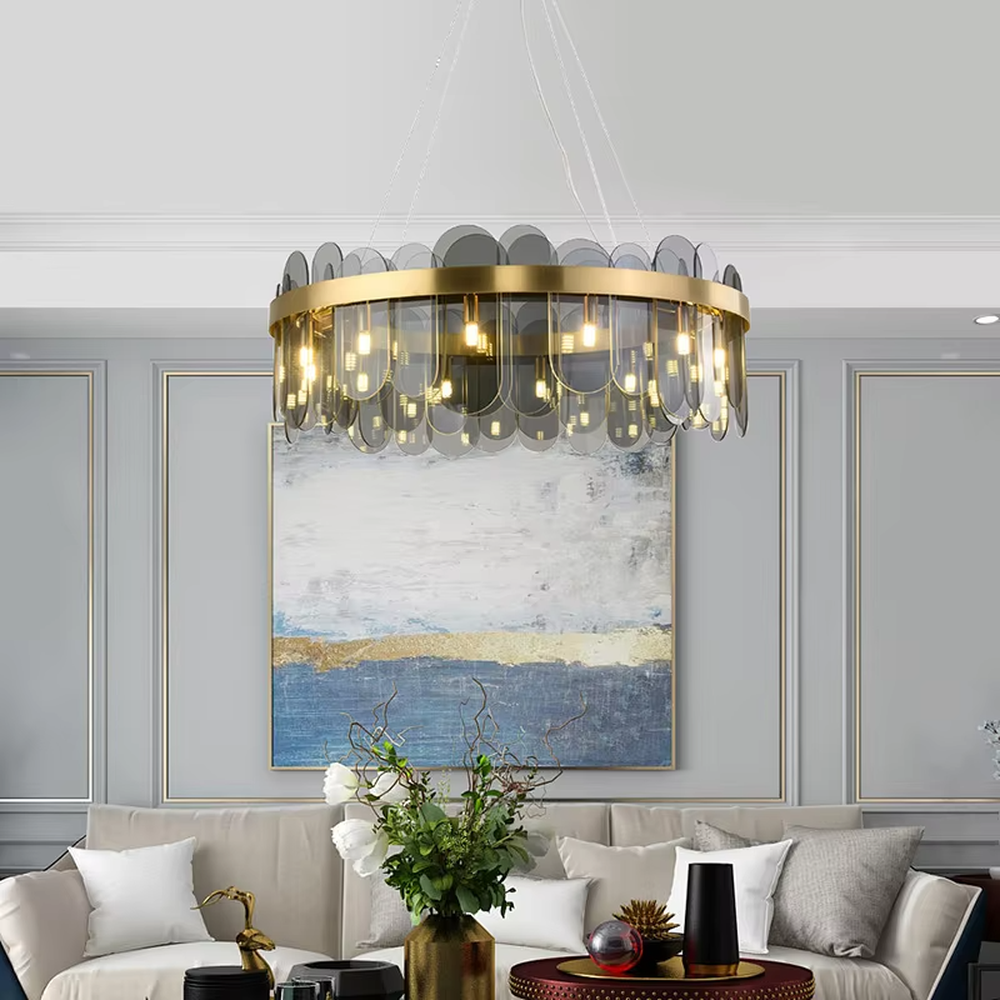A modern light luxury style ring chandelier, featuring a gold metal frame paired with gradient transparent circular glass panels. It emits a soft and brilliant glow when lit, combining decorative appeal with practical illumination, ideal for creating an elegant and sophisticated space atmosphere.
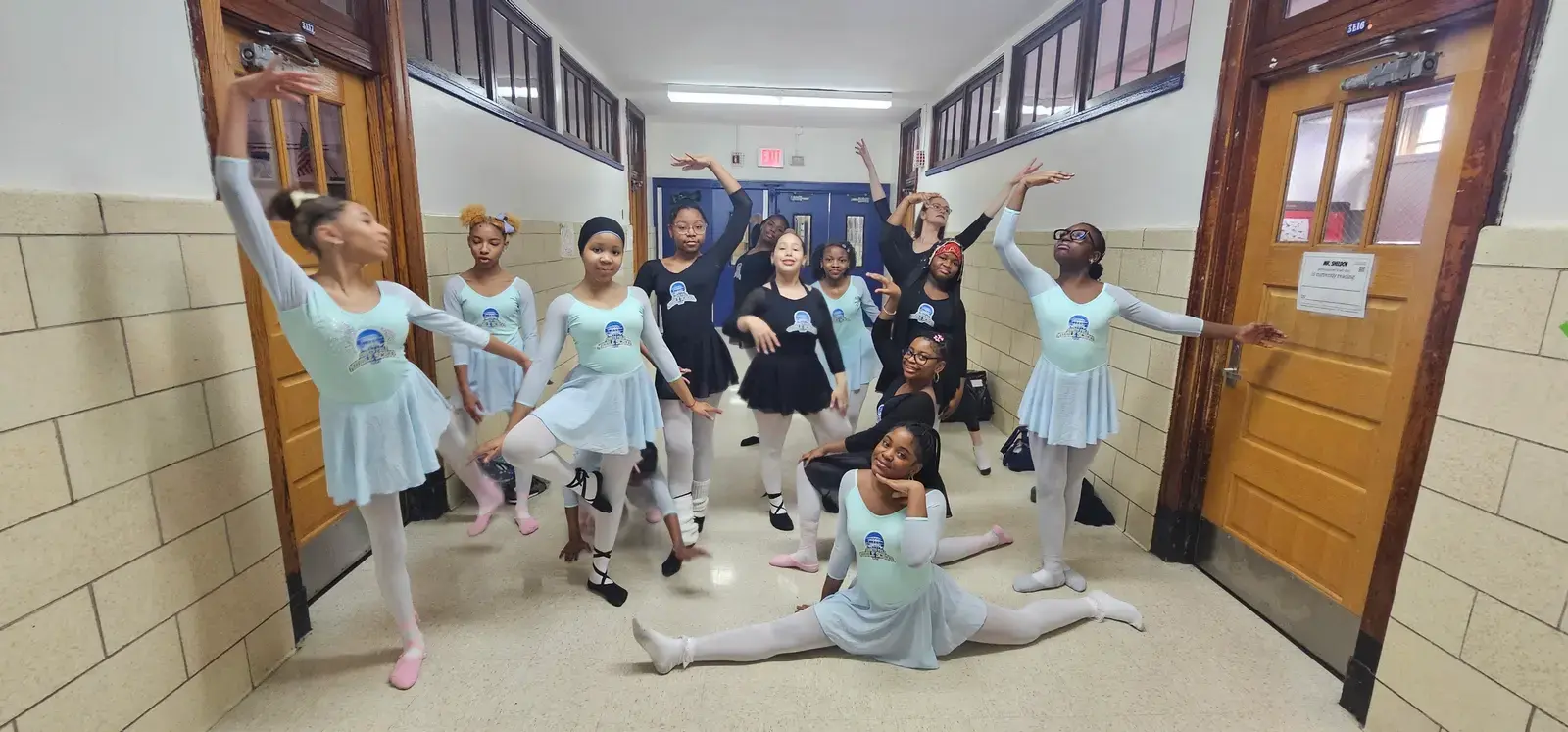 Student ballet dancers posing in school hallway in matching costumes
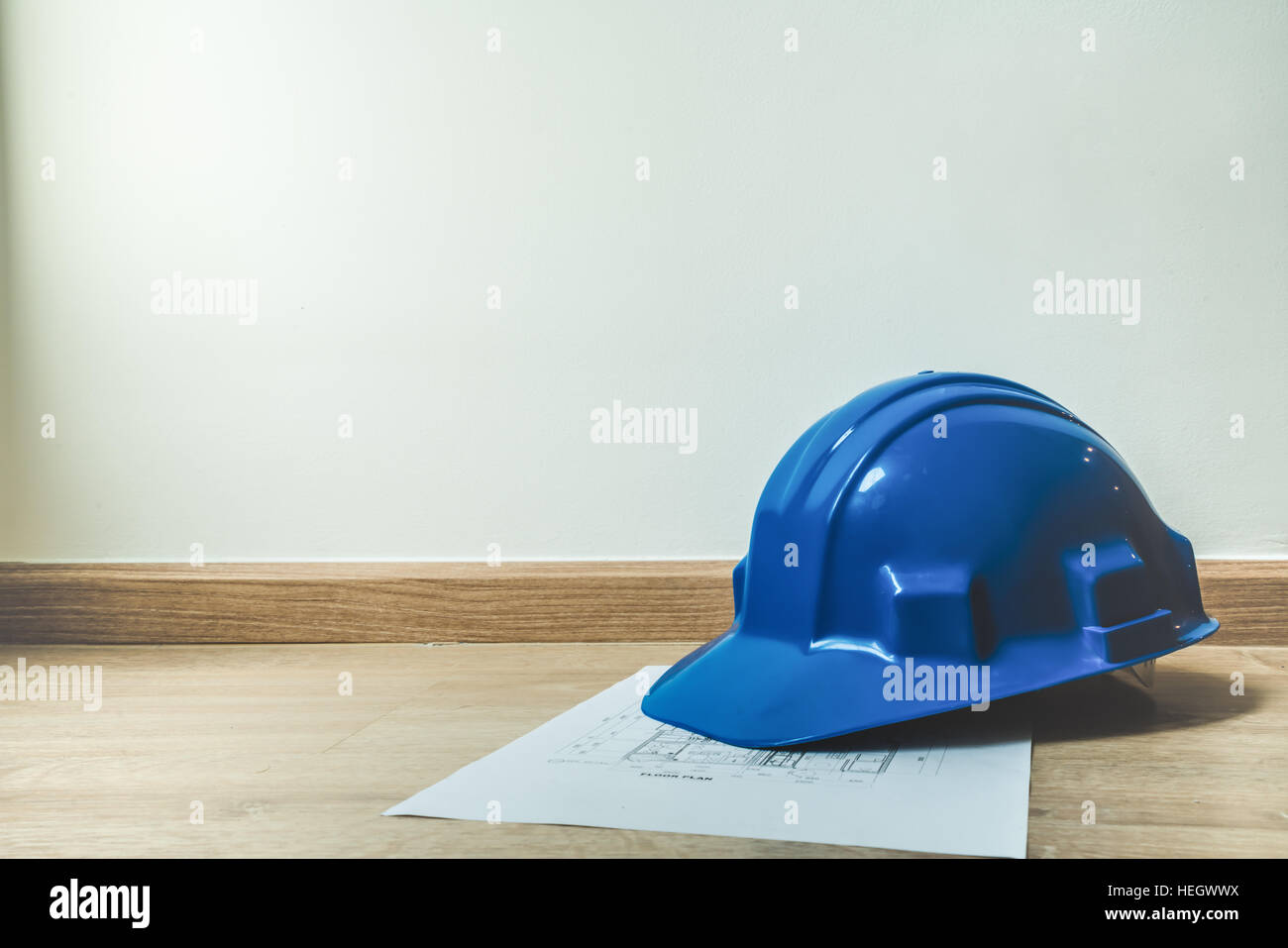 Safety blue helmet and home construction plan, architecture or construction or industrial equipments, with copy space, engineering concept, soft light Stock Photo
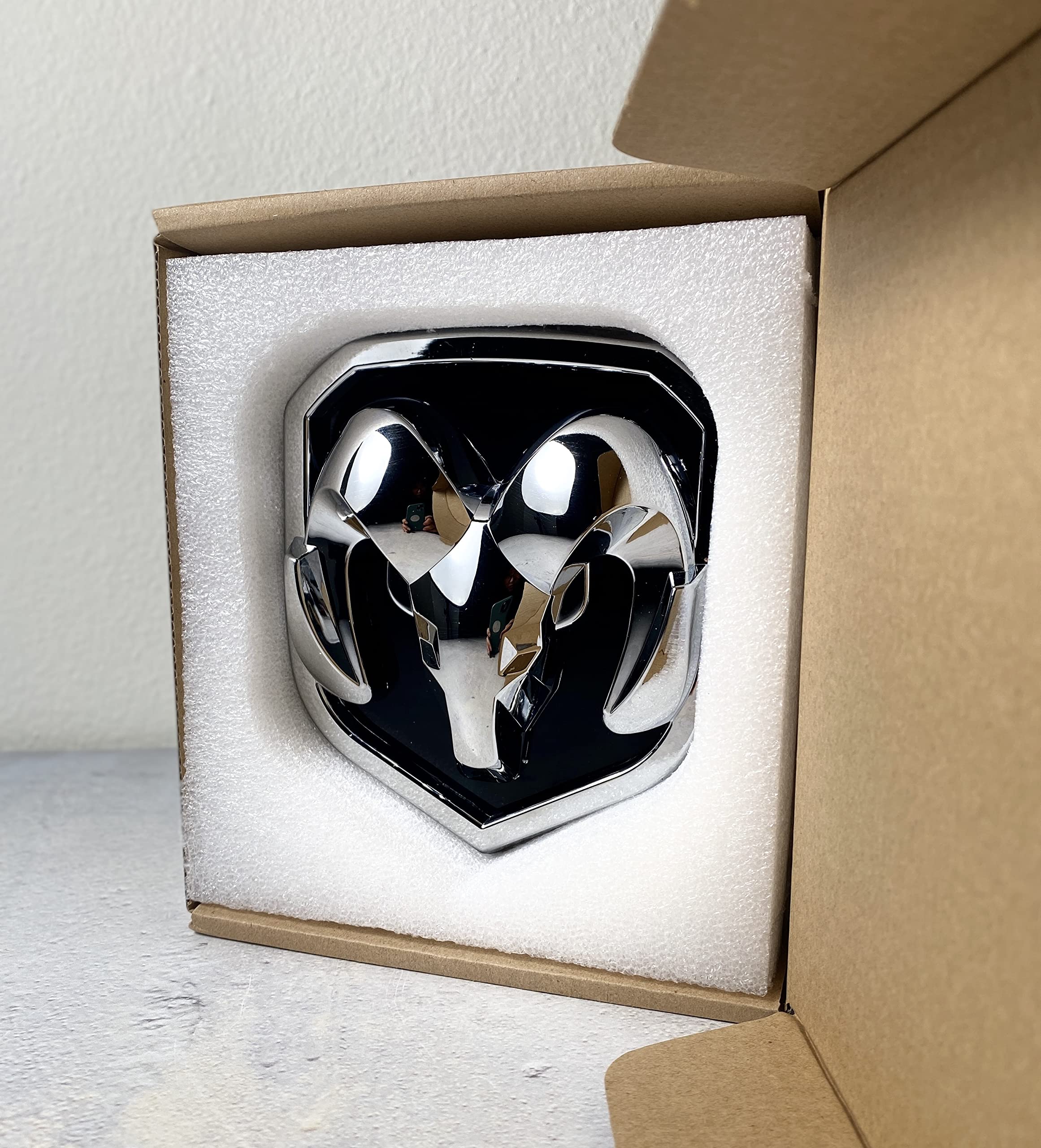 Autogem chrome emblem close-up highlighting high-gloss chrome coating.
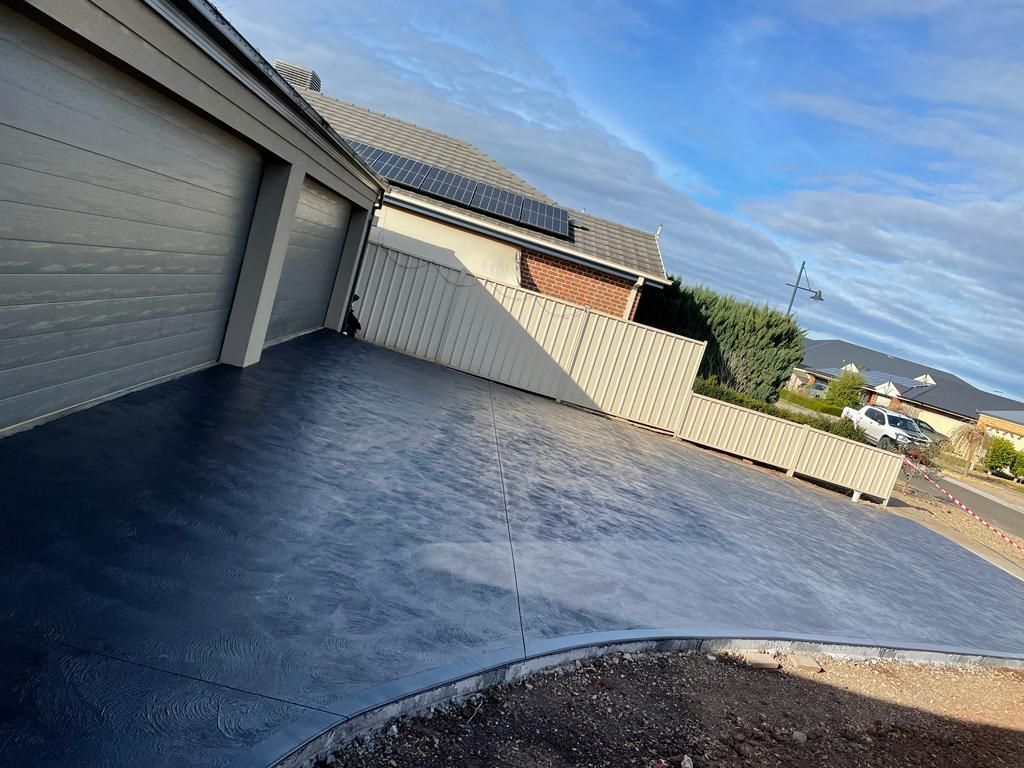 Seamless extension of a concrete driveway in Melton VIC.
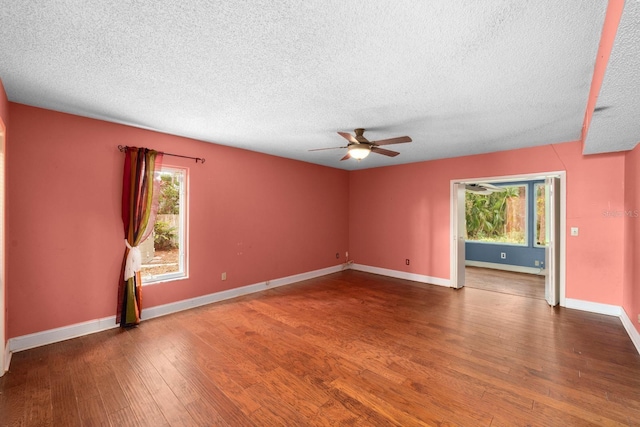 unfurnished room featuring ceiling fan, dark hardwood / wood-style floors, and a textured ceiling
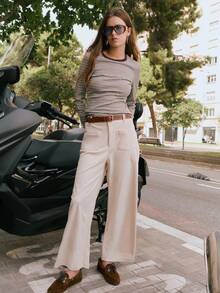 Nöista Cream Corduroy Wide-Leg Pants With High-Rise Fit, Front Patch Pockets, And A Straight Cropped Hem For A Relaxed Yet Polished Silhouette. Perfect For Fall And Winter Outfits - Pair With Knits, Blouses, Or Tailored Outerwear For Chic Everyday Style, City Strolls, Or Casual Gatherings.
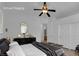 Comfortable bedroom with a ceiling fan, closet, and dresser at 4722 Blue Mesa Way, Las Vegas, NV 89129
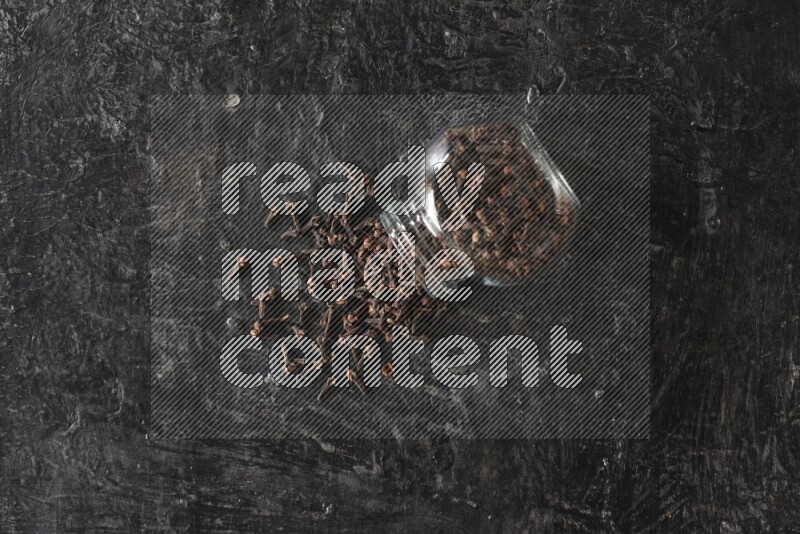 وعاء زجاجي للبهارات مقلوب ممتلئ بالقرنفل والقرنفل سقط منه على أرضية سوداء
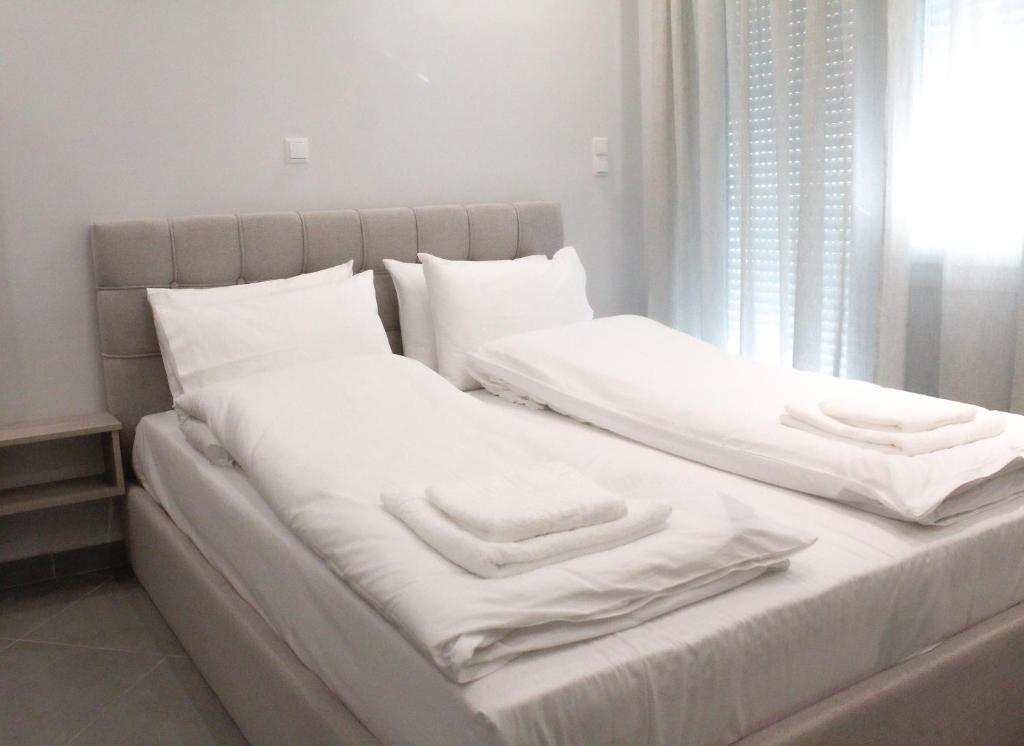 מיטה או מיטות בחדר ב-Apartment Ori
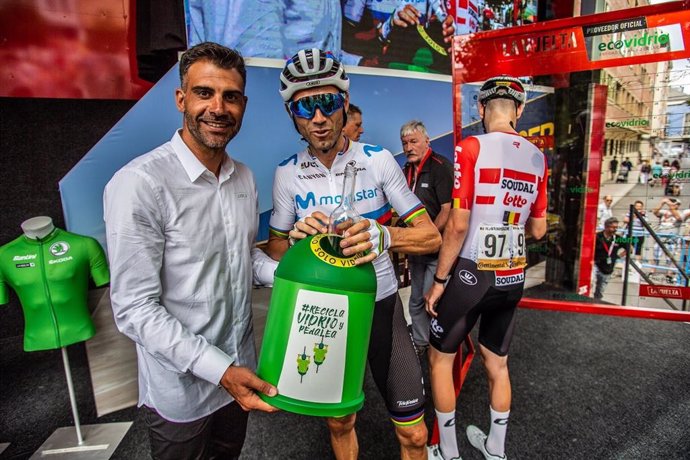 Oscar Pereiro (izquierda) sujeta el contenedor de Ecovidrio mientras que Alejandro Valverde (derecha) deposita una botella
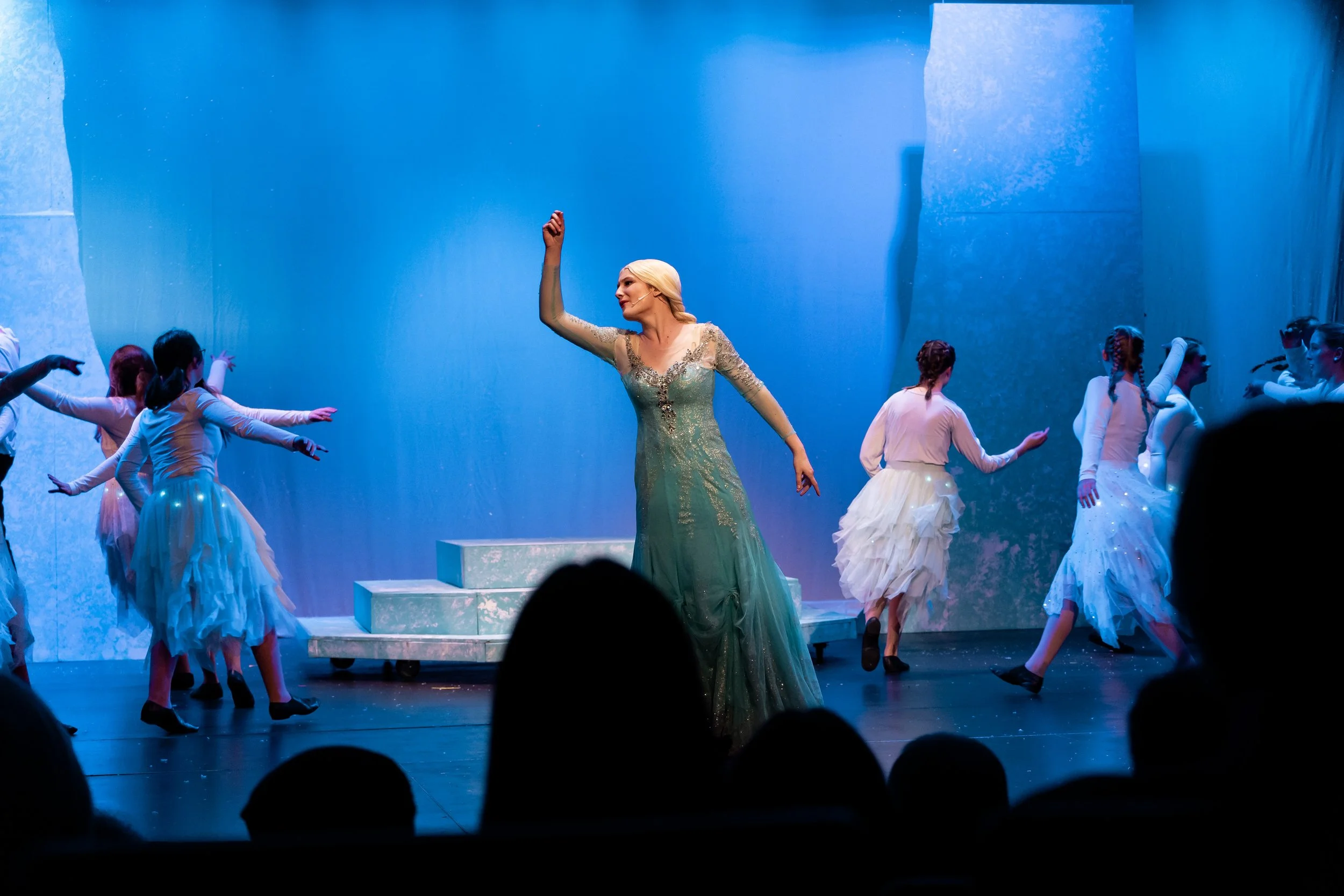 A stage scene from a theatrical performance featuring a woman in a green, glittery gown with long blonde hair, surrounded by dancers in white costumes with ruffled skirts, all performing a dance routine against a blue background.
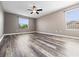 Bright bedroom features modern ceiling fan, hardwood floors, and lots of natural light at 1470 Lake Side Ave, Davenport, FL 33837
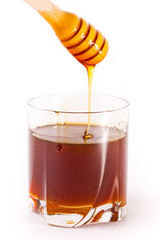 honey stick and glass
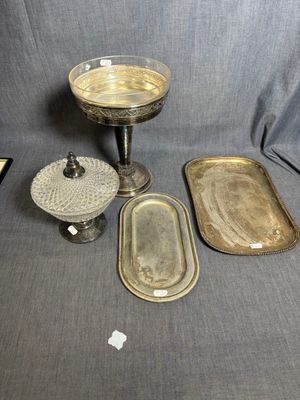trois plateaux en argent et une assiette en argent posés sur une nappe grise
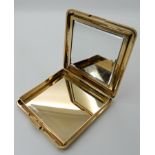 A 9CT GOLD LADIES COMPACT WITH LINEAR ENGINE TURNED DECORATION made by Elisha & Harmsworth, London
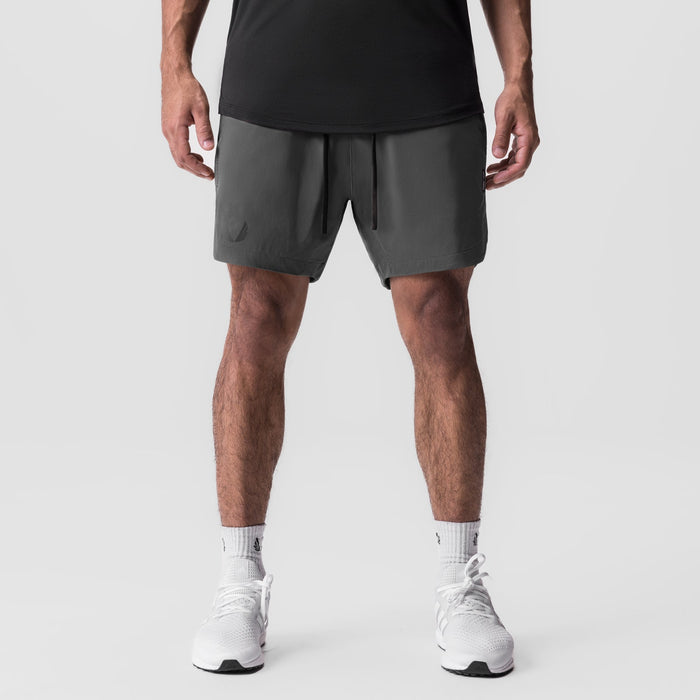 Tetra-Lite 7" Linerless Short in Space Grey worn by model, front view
---
**Directions:**
Begin the copy at the line containing "Autogem chrome emblem" and end it at the last line of the records; transcribe exactly and exclude pictures.

**Response:**
 Autogem chrome emblem close-up highlighting high-gloss chrome coating.
 Seamless extension of a concrete driveway in Melton VIC.
 unfurnished room featuring ceiling fan, dark hardwood / wood-style floors, and a textured ceiling
 Nöista Cream Corduroy Wide-Leg Pants With High-Rise Fit, Front Patch Pockets, And A Straight Cropped Hem For A Relaxed Yet Polished Silhouette. Perfect For Fall And Winter Outfits - Pair With Knits, Blouses, Or Tailored Outerwear For Chic Everyday Style, City Strolls, Or Casual Gatherings.
 Comfortable bedroom with a ceiling fan, closet, and dresser at 4722 Blue Mesa Way, Las Vegas, NV 89129
 وعاء زجاجي للبهارات مقلوب ممتلئ بالقرنفل والقرنفل سقط منه على أرضية سوداء
 מיטה או מיטות בחדר ב-Apartment Ori
 Oscar Pereiro (izquierda) sujeta el contenedor de Ecovidrio mientras que Alejandro Valverde (derecha) deposita una botella
 A stage scene from a theatrical performance featuring a woman in a green, glittery gown with long blonde hair, surrounded by dancers in white costumes with ruffled skirts, all performing a dance routine against a blue background.
 Bright bedroom features modern ceiling fan, hardwood floors, and lots of natural light at 1470 Lake Side Ave, Davenport, FL 33837
 honey stick and glass
trois plateaux en argent et une assiette en argent posés sur une nappe grise
 A 9CT GOLD LADIES COMPACT WITH LINEAR ENGINE TURNED DECORATION made by Elisha & Harmsworth, London
 Tetra-Lite 7" Linerless Short in Space Grey worn by model, front view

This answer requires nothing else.